Jane Birkin’s Got Classic
Jane Birkin doesn’t really need any introduction – a singer, actress and muse to the much-missed Serge Gainsbourg. The latter, who had been influenced by classical music from childhood, started learning how to play piano with his father Joseph before the age of five. So it’s no surprise to find classical references in numerous songs Birkin has recorded throughout her career, as you can see in our ‘Jane Birkin’s got class(ique)’ playlist which alternates Jane Birkin’s versions of Gainsbourg works and the compositions that influenced them.
In 1969 Gainsbourg was inspired by Frédéric Chopin, whose ‘Prelude n° 4 in E Minor’ is the basis for the song ‘Jane B‘, and then had another go when he took his ‘Etude n° 9 in F minor’ as the inspiration for ‘Dépression au-dessus du jardin’. It was first sung by Catherine Deneuve before Jane Birkin recorded her own version.
When it came to the hit ‘Baby Alone In Babylon’, the tip of the hat was to Brahms and the third movement of his ‘Symphony N°3’, while a section of Bach’s ‘Prelude N°4 in C-sharp major’ finds its way into ‘Fuir le bonheur de peur qu’il ne se sauve’.

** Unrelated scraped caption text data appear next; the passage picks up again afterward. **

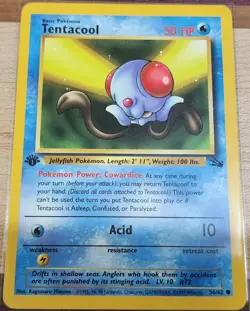 Pokemon TCG: 1st Ed Tentacool - 56/62 - Fossil - NM - Image 1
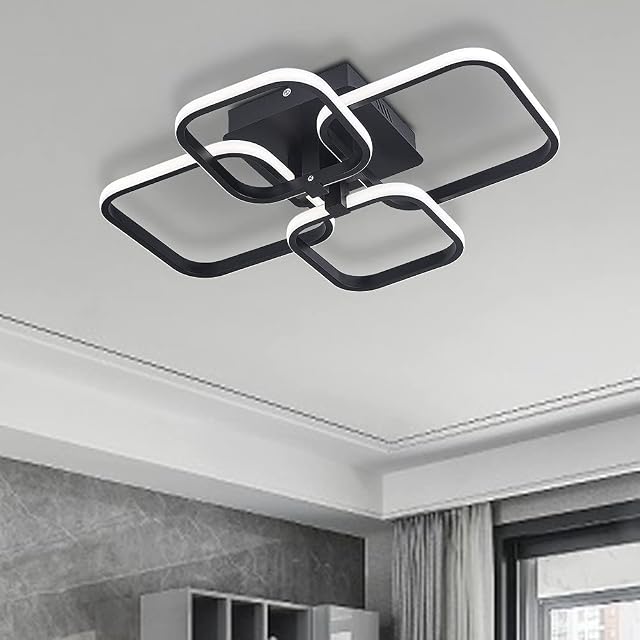 XEMQENER Modern LED Ceiling Light with 4 Squares, 100W Flush Mount Pendant Light, Black Acrylic Chandelier for Living Room Bedroom Dining Room, Cool White Light Only, 6000K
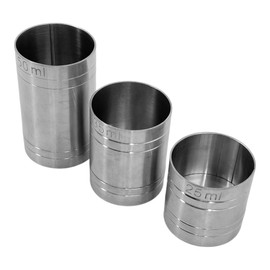 Chabrias Stainless Steel Copper Thimble Measure Bar Pub Club Spirit Measure CE Marked Government Stamped (Silver, 25ml/35ml/50ml Set)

There’s also ‘Lost Song‘, which is partially based on Solveig’s Song by Edvard Grieg, and ‘Image fantôme‘ which is an adaptation of Maurice Ravel‘s ‘Pavane pour une infante défunte’.
Furthermore on the album Birkin/Gainsbourg: Le symphonique, released in 2017, you can find Jane Birkin interpreting ‘Requiem pour un con‘ for the first time. It’s a hit song which owes some of its success to the fourth movement of Anton Dvorák’s ninth symphony – popularly known as the New World Symphony, and composed in 1893.